Geopolitical tension hit factory floors

One of the more unusual pressures this season is coming from geopolitics, the report noted. Tensions in West Asia have disrupted supply routes through the Strait of Hormuz, a key chokepoint for a large share of India’s LPG imports. This is beginning to show up not just in energy markets, but also on manufacturing lines, the report added.

LPG is the most commonly used fuel for brazing components in AC production. With supplies tightening and prioritised for household consumption, manufacturers, particularly EMS players, are being forced to switch to alternatives such as oxy-acetylene, as per the report. 

There’s a catch, though: oxy-acetylene is more expensive, requires changes in production processes, and comes with higher safety and handling requirements. While acetylene can be produced without crude oil, India depends heavily on limestone imports for this route, and nearly 94% of that supply also comes from the Middle East, creating a parallel supply risk, according to the report. 

Higher prices add to demand woes

The second point that the brokerage firm highlights is rising AC prices. Companies have already implemented price hikes of 5–10% at the retail level, with some brands taking increases of up to 9–12% in response to rising input costs.

These increases are being driven by a combination of factors: currency depreciation, higher commodity prices and regulatory changes such as tighter energy efficiency norms, the report noted. The result is what the report describes as a cost-heavy environment for both manufacturers and buyers.

However, companies are not able to fully pass on these costs. Intense competition and the growing presence of private labels are forcing brands to absorb part of the increase, leading to margin pressure even as prices rise, the report acknowledged.

Weather volatility disrupts early demand

The summer season has started unevenly, with demand proving highly sensitive to weather patterns. North India saw a strong pickup in mid-February, but unseasonal rains in March have cooled temperatures and disrupted momentum, the report said.

Across regions, sales trends have remained inconsistent, with channel partners reporting slower-than-expected demand and holding slightly elevated inventory levels. As a result, dealers are cautious about building stock ahead of the peak season, the report noted.

The report further added that while overall temperatures are marginally higher year-on-year, regional variations, particularly cooler conditions in parts of the south and rainfall in the north, have delayed a broad-based demand recovery.

Growth muted in near-term, but recovery possible

Given this backdrop, Nuvama expects modest revenue growth for AC brands in the March quarter, with margins under pressure due to cost inflation and under-utilisation of capacity.
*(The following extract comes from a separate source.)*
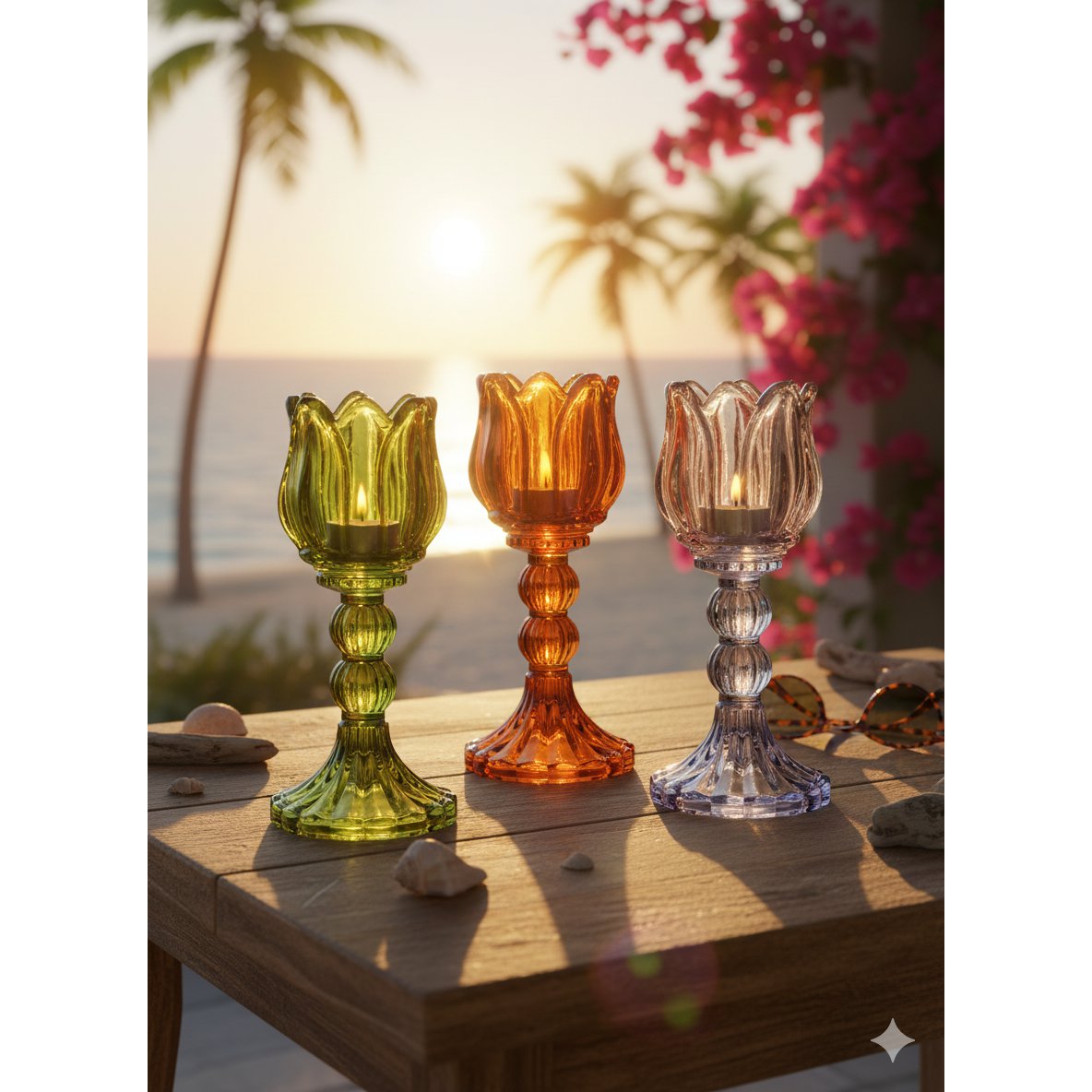 Yellow and pink Capri candle holder 8x8x18cm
The outlook is more challenging for EMS players, which are more exposed to both supply disruptions and input cost volatility.

Still, the brokerage sees room for recovery. It expects weather conditions to improve from April, with El Niño likely to persist through June–July, potentially leading to a stronger and more prolonged summer season that could revive demand and help clear channel inventory, as per the report. 

Brokerage sees opportunity in recent weakness

Despite the near-term headwinds, Nuvama remains constructive on the sector’s medium-term prospects. It has recommended using the recent correction to accumulate stocks such as Amber Enterprises, PG Electroplast and Havells, citing long-term drivers such as low AC penetration, rising incomes and growing demand from smaller cities.